Understanding America

There are many different ways people understand the tradition and history of American liberty. Some perceive within the American experiment a radical individualism that threatens our solidarity and human brotherhood. Others perceive an insidious and inevitable march towards collectivism. More often than not, these two tendencies are viewed in opposition. Usually they are held by people of opposite political persuasions. But are these two understandings necessarily contradictory? I think not.

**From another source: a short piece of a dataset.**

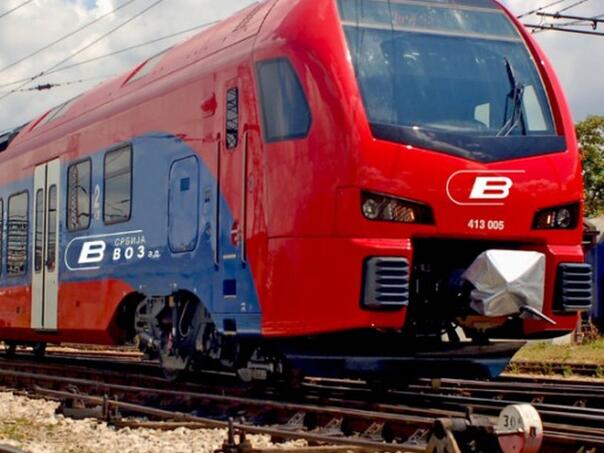 Srbija voz promijenio ime, urnebesne reakcije na društvenim mrežama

A distinction between our political tendencies and cultural tendencies is helpful here. The great Tocqueville, in his Democracy in America, argued (rightly, I think) that the movement of history was the unstoppable desire for more and more equality. This desire for equality, according to Tocqueville, tends to override all other concerns - even our desire for political freedom, our freedom from servitude. I think this is a strong force in our political culture. It is fair to say that both major parties value equality a priori, albeit in different ways.

And on the other hand, our culture is indeed poisoned by radical individualism. Most of us believe as a matter of faith that, so long as we do not intrude on someone else's freedom to do what they want, no wrong has been done. To see an example of this, think of those who argue for the legalization of suicide. It is accomplished with the specious 'don't tell me what to do with my body' argument, as if suicide has no effect on other persons or the well being of the community.

Both of these tendencies are poisonous to a healthy political community, and both of these tendencies are present in America today* . And they are related in a fundamental way. The radical individualism in our culture paradoxically affects our ability to control ourselves. As we isolate ourselves from each other and from moral truth, we start to lose control of ourselves. As we lose control of ourselves, we want the government to take control. This produces a something of a downward spiral towards some form of tyranny or corruption of the political order. Tocqueville and others thought American tyranny would be great but relatively benign - he was first to predict the nanny-state. But who knows how long the state will remain benign? What reason do we have to think that our power will always be used for the common good? I'm not sure.

So what is the necessary corrective to these two problems? Do we declare the American experiment a failure, as some are inclined to do? I think while the intentions of such an effort might be noble, it is ultimately wrongheaded. The problems we are discussing here are in no way unique American government. I think they can be traced to our fallen human nature, and will thus manifest themselves in any political community we establish.

So what is the solution? Both the Founders and Tocqueville though that the antidote was a religiously-informed people, a religious people. Why? Religion is the best teacher of self-government; of morals and mores; of discipline and prudence. And so I think this is what we should be demonstrating in our conduct in the public square - that we are a religiously-informed public. I'm not sure it's possible to recover such a thing, as it has already been lost. But I think we have to have hope, and I think we have good reason to hope if we get our principles right. There are great philosophical resources in the American natural law tradition that are worth rediscovering.

So the gist of this is as follows: the American experiment in self-government will fail if people who constitute the political community cannot self-govern. Individuals will not adequately self-govern unless commanded by some divine law. The more secularly-minded readers of this short essay might find themselves repulsed by such a conclusion, and that reaction is intentional. Criticism of any stripe is more than welcome!

(*I would argue both of these tendencies are in some way sown into human nature, but that's a topic for another day)


Ol' Blue said...

Great stuff sir. Tocqueville says at some point, and I paraphrase, that complete freedom is complete equality, and vice versa. I believe it. Think of the slave who, to be equal, was set free. In this respect, I understand America, and "the movement of history" as an unstoppable desire for freedom. Think of William Wallace concluding Braveheart. Equality in the modern sense is that--modern.
Suicide is only one of the many things which affects others and the well being of the community. Other things could include the death of a father because he chose not to wear a motorcycle helmet, or a seatbelt. Legislating healthy habits and communities is a murky business, even if outlawing suicide is clearly right to you.
I'm privileged tomorrow to hear Victor Davis Hanson speak about "Memory and Civic Education: The Perils of Cultural Amnesia." In his commissioned essay for the event he says: "Such gratitude and humility [towards our ancestors] in the moral sense are, of course, important for a free people, likely to think their present success is all their own, and therefore, in their self-congratulation, prone to hubris and a lack of reflection."
I think situating ourselves in the context or our ancestors and our progeny can provide some guidance for self-government.

Zachary said...


Thanks for the comments, I really appreciate them.

I agree that legislating healthy habits is generally a risky endeavor. Unfortunately, it is largely unavoidable in democracy. I think this is a good reason to stick to the constitutional form of government we were given, where power is divided amongst different competing spheres and such.

Also, yes, I do think it is obvious that we should outlaw suicide. I'd be happy to produce an argument, but I think most people are on the same page on this issue.

I guess I think suicide is a crime of a different kind as compared to not wearing a seatbelt. This is part of the reason it's easy to see why it should be illegal.